1. Assume that today, zero coupon bonds maturing in 6 months, 1 year and 1 and half a year are quoted at 99.1338, 97.8925, and 96.1531.

(a) Compute the todays continuously compounded rate of interests on zeros of varying maturities.

(b) Assume that the interest rate follows one-period binomial tree process such that the current

interest rate can go up to 3.39% or down to 0.95% in 6 months. What will happen to the price

of 1-year bond in each scenario?

(c) Consider an interest rate option, which matures in 6 months, with a payoff equal to 100*max(rk-r1, 0)

, where rk is the strike rate of 2%, and r1 denotes the interest rate in 6 months. Show a portfolio of zero coupon bonds that replicates the payoffs of the interest rate option.

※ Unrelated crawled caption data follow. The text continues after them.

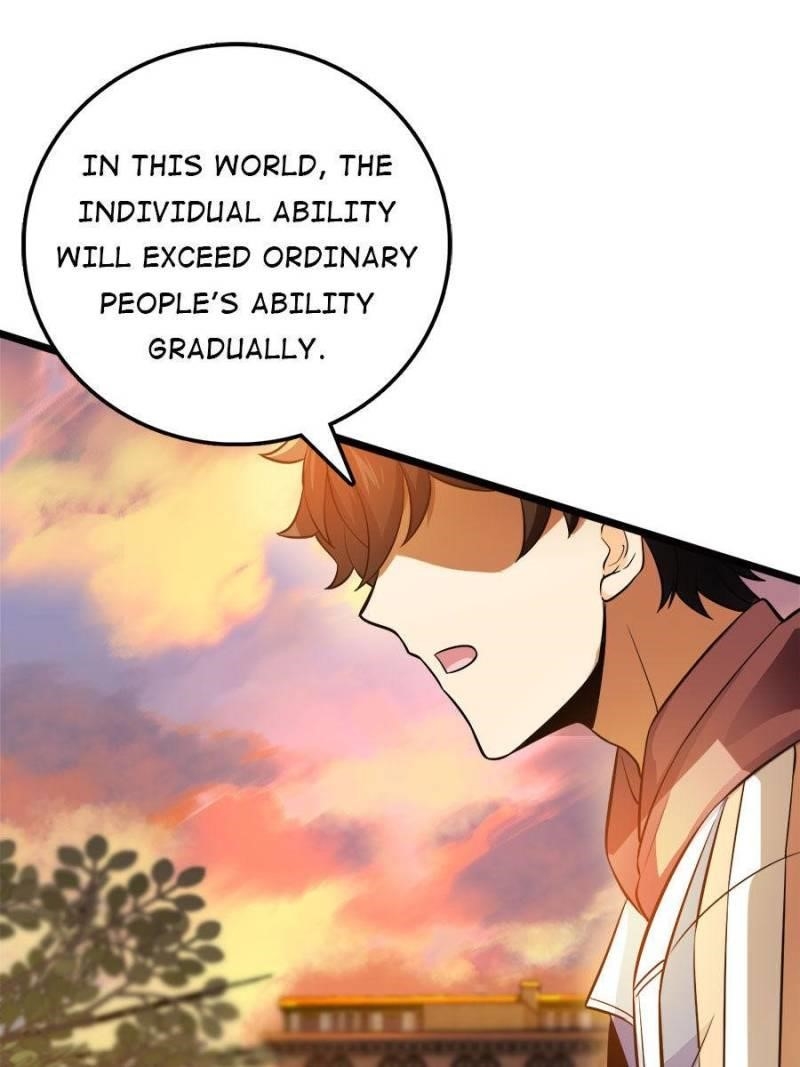 Spare Me, Great Lord! Chapter 55 - Page 13 in English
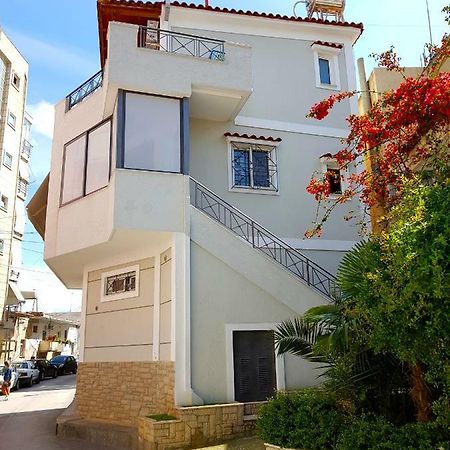 Villa Smeralda Sarandë Exterior foto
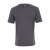 Rawcraft Webling T-shirt Charcoal - T-shirts - Grote Maten T-shirts Heren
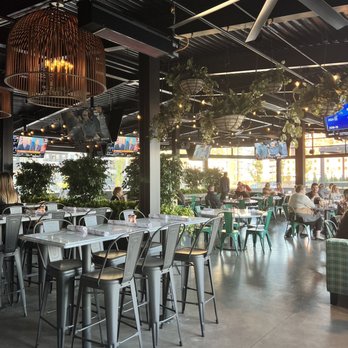 Culinary Dropout - Patio - New American Near Me - Denver, Colorado Culinary Dropout - Patio - New American Near Me - Denver, Colorado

(d) Consider a swap that pays in 6 months the amount (100/2)*(r1-c) , where c is the swap rate, and

is 2%. Compute the value of the swap when the interest rate changes, and construct a

replicating portfolio of bonds.

(e) Consider a bond option that matures in 6 months, where the underlying is a 6-month bond.

Assume that the strike price is $99.00. Compute the payoff of the bond option in 6 months and form a replicating portfolio of zeros.

2. Assume that the probability of the interest rate going up is 50%. Compute the dollar price of risk and compute the value of the interest rate securities in (1c), (1d) and (1e) above using the market price of risk.

3. Use the risk neutral probability to compute the value of the interest rate securities in (1c), (1d) and (1e) above.